Science and Technology form the cornerstone of the strategic partnership between India and the United States. From the creation of the Indian Institute of Technology, Kanpur with the assistance of a consortium of nine U.S. research universities in 1960, to joint collaborations in areas such as Space, Energy, Agriculture, and Healthcare, to the large numbers of Indian students who pursue advanced degrees in Science and Engineering at U.S. Institutions, these partnerships have strengthened over the years. The Indian diaspora in the U.S. includes leaders within the tech industry, faculty at the top U.S. academic institutions, and leading researchers in the health and biomedical fields. Top U.S. companies have large operations in India, including R&D facilities, leveraging the incredibly talented pool of engineers and quantitatively trained graduates from Indian universities.

The Indo-U.S. Science and Technology Forum (IUSSTF), a binational foundation, was established by the two Governments in 2000 to promote, catalyze and seed S&T cooperation between India and the United States. IUSSTF is uniquely positioned to proactively engage the S&T communities by identifying “leading edge areas” that are high-priority for both nations, bringing together key stakeholders to help create synergies, and supporting workshops/ networking opportunities to initiate new collaborations.

Recognizing the promise and potential of AI, IUSSTF launched the U.S. - India Artificial Intelligence (USIAI) Initiative, a unique opportunity for the world’s two largest democracies to strengthen their strategic partnership by focusing on AI cooperation in critical areas that are priorities for both countries. USIAI will serve as a platform to discuss opportunities for bilateral AI R&D collaboration, identify key challenges and barriers to adoption of AI, share ideas for developing an AI workforce, and recommend modes and mechanisms for catalyzing partnerships.

IUSSTF is partnering with itihaasa Research and Digital (https://itihaasa.com/), a not-for-profit, organization that studies the evolution of technology and business domains in India, on a series of activities in the area of Education, Training, and Workforce Development under the USIAI umbrella. With AI workforce development a priority for both countries, the USIAI platform will allow Indian and U.S. academic institutions to come together to share best practices for education and program development, identify synergies for collaborative research and training including faculty and student exchange, and address the challenges associated with developing a diverse, robust AI workforce.

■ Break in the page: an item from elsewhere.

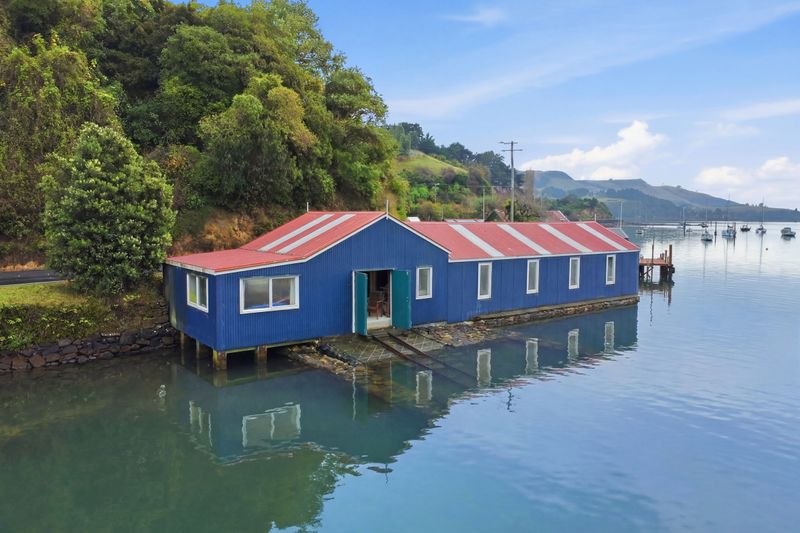 2 Boat Shed, Careys Bay, Dunedin City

In May 2022, Prime Minister Modi and President Biden welcomed the launch of the United States–India Initiative on Critical and Emerging Technologies (iCET) to expand partnership in these strategic areas. With AI being a priority for both the United States and India, a partnership between our two democracies can lead to a strategic framework for AI that conforms to the shared values of openness, transparency, and reciprocity and encourages responsible innovation that will benefit both countries.

This report focuses on AI and Data Science higher education initiatives. The second chapter provides an overview of the AI/DS initiatives and their outcomes in the U.S. and Europe. The third chapter presents the key results of a first of a kind survey on the landscape of AI/DS higher education in India. The final chapter of the report presents key action plans in the form of key next steps to be undertaken.